What needs to be done. An exact transcription of all the entries is needed; pictures stay out.

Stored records
%%

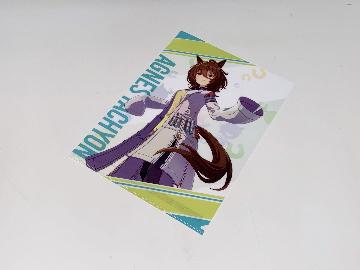 ウマ娘 プリティーダービー オリジナルA4クリアファイル 全4種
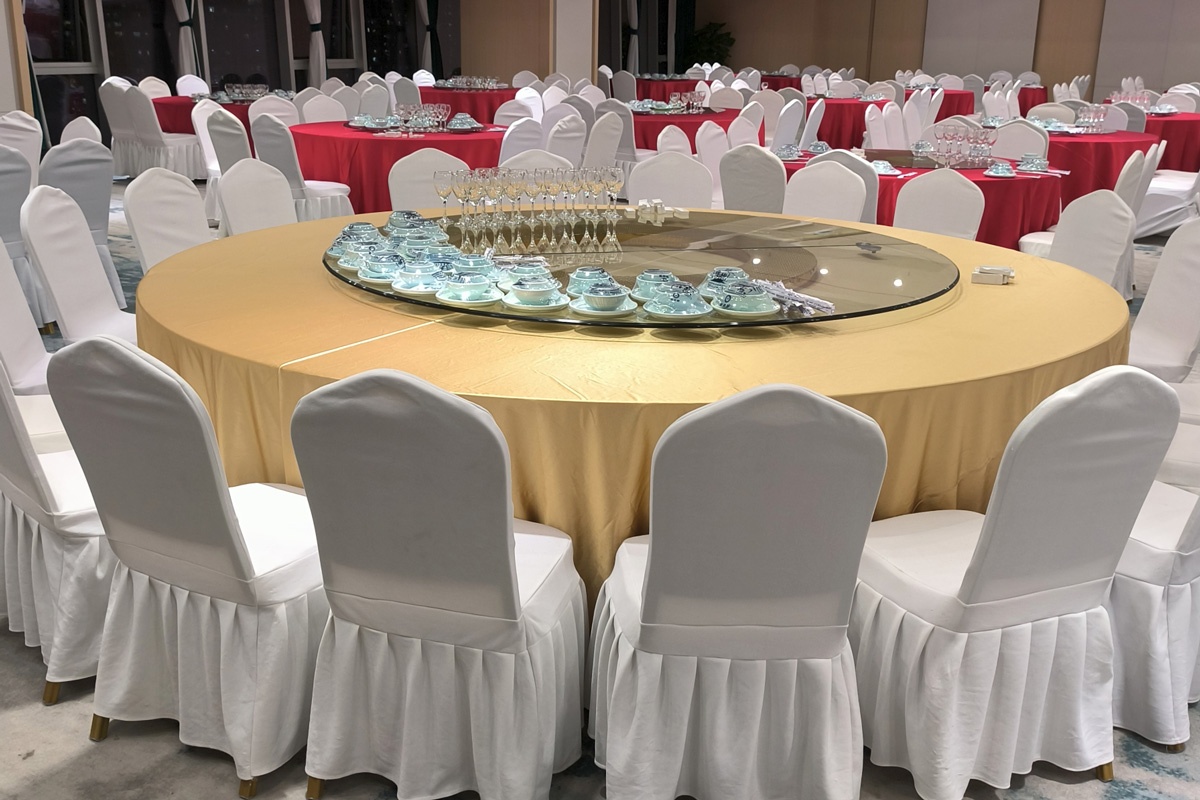 中餐围餐租赁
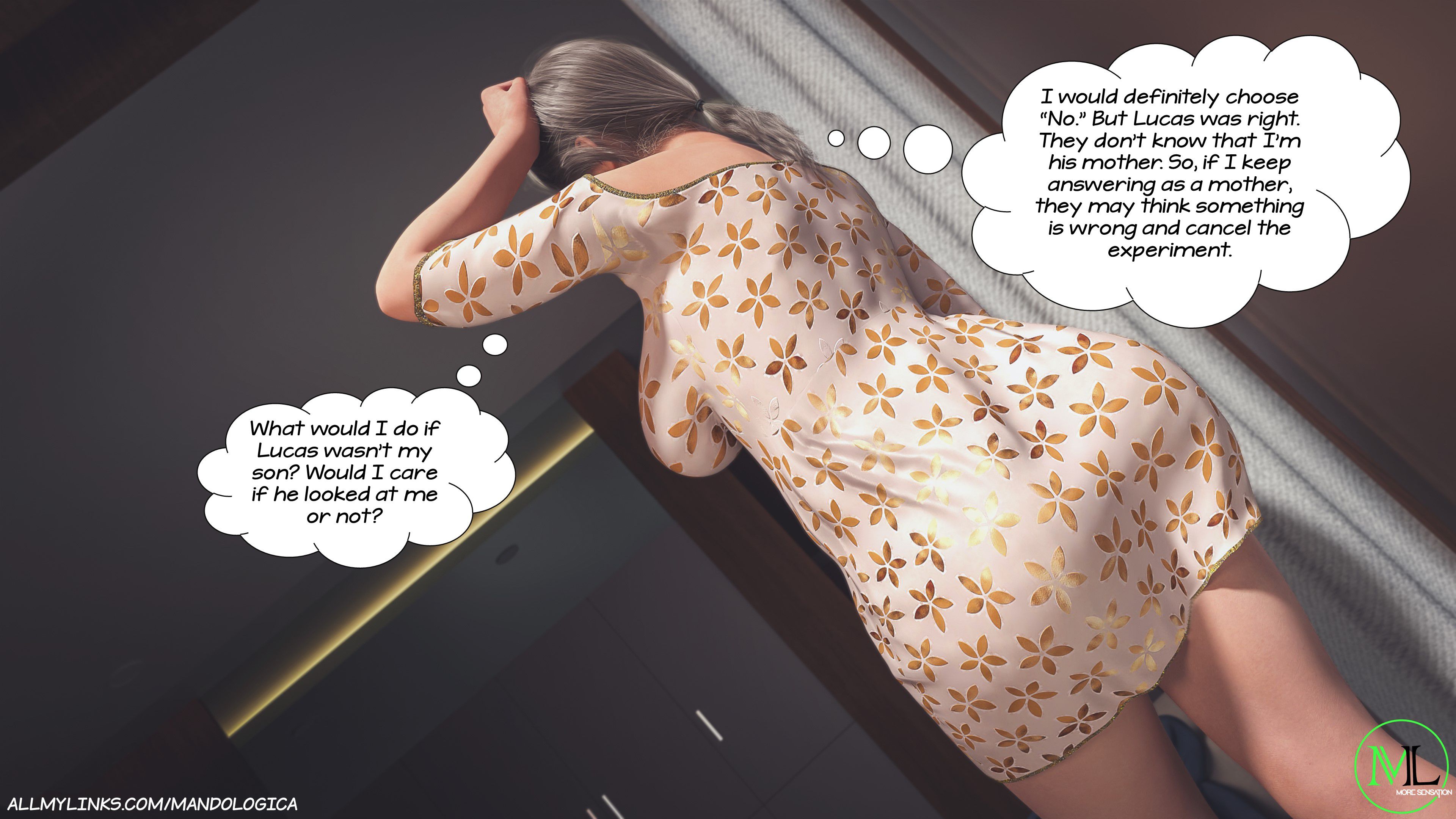 Breaking Boundaries [MandoLogica] Chapter 2 - Page 61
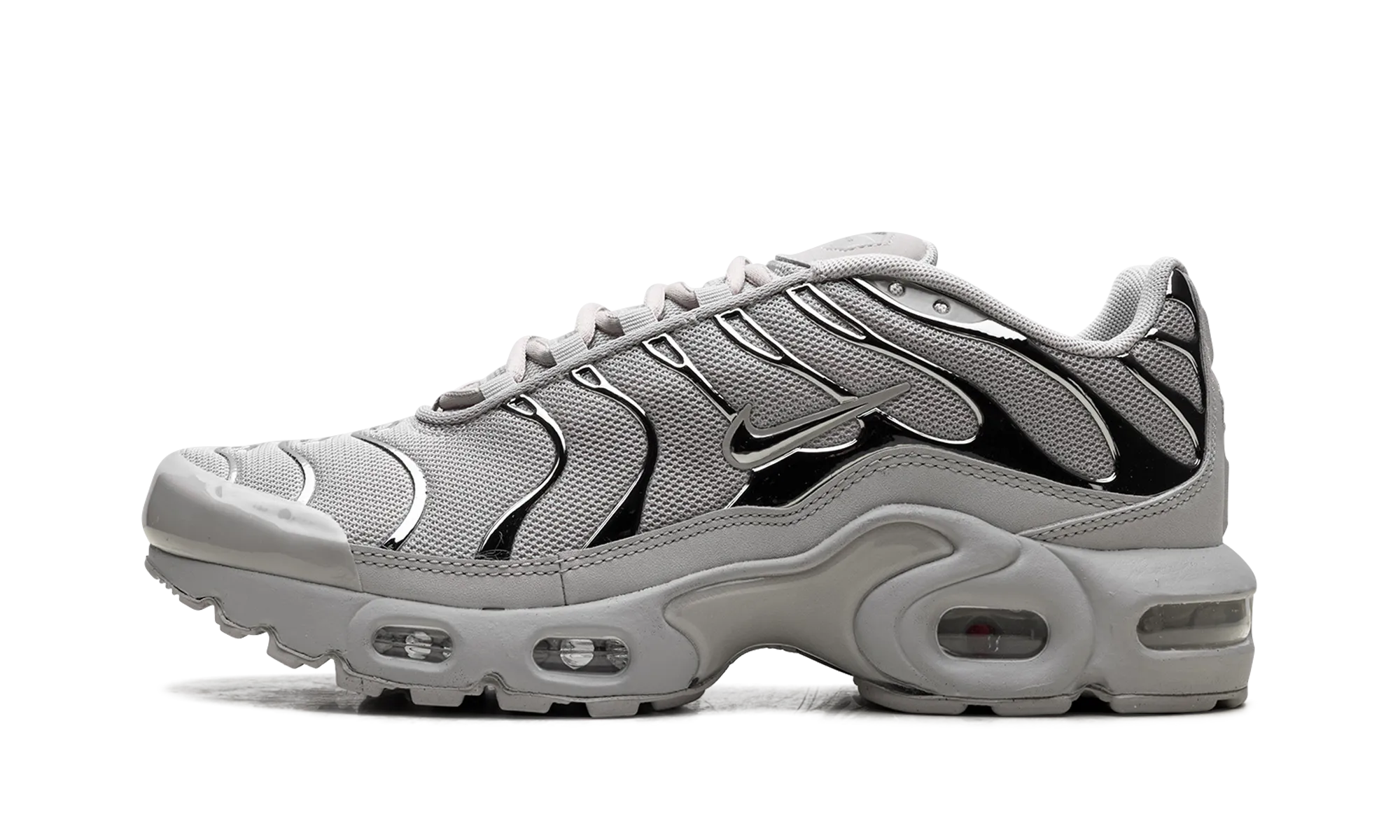 Air Max Plus HF GS "Light Iron" Single - layer All-Purpose Use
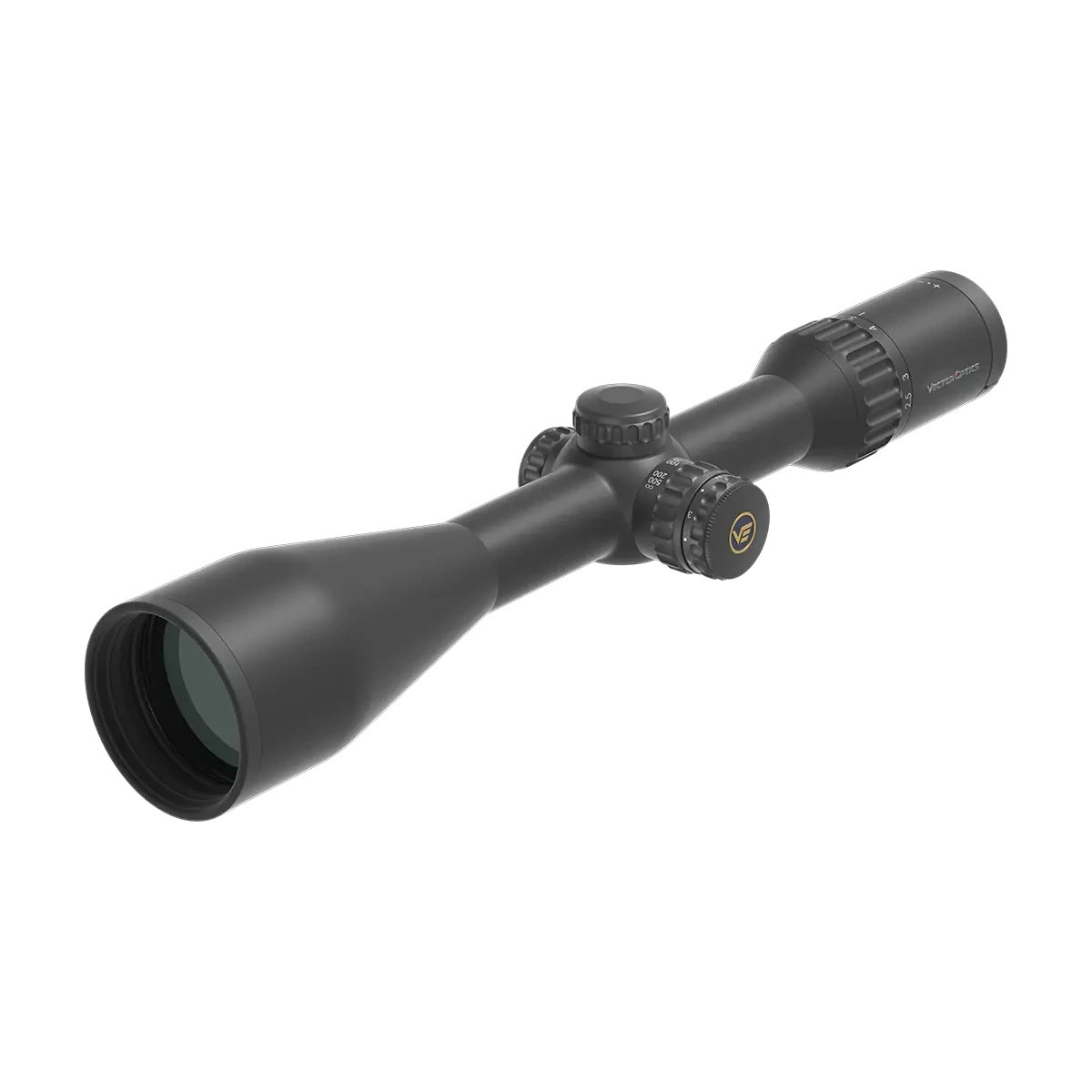 Vector Optics Continental x6 2.5-15x56 visor Vector Optics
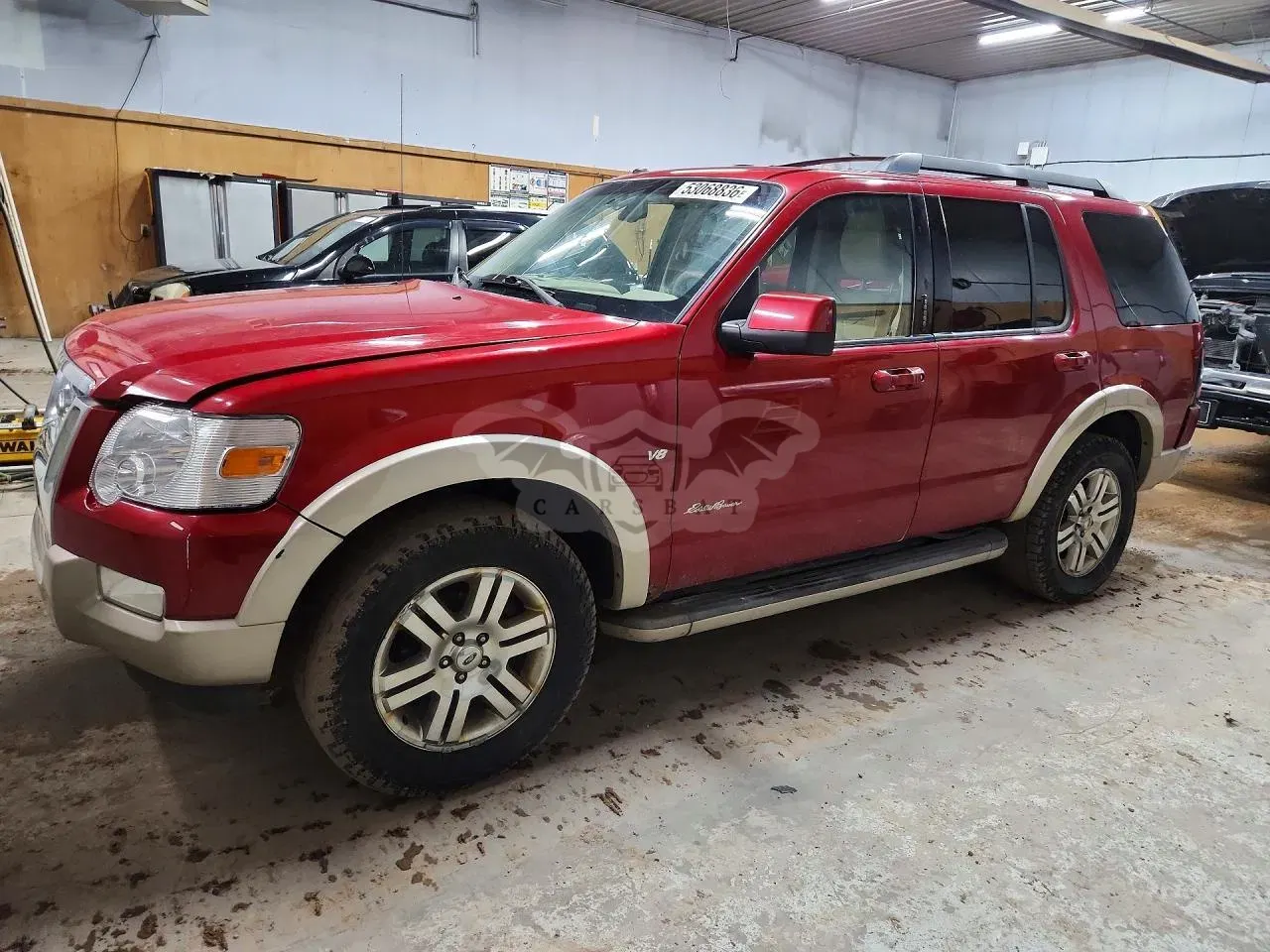 Ford Explorer 4.6L 8 2010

%%

Task output.
 ウマ娘 プリティーダービー オリジナルA4クリアファイル 全4種
 中餐围餐租赁
 Breaking Boundaries [MandoLogica] Chapter 2 - Page 61
 Air Max Plus HF GS "Light Iron" Single - layer All-Purpose Use
 Vector Optics Continental x6 2.5-15x56 visor Vector Optics
 Ford Explorer 4.6L 8 2010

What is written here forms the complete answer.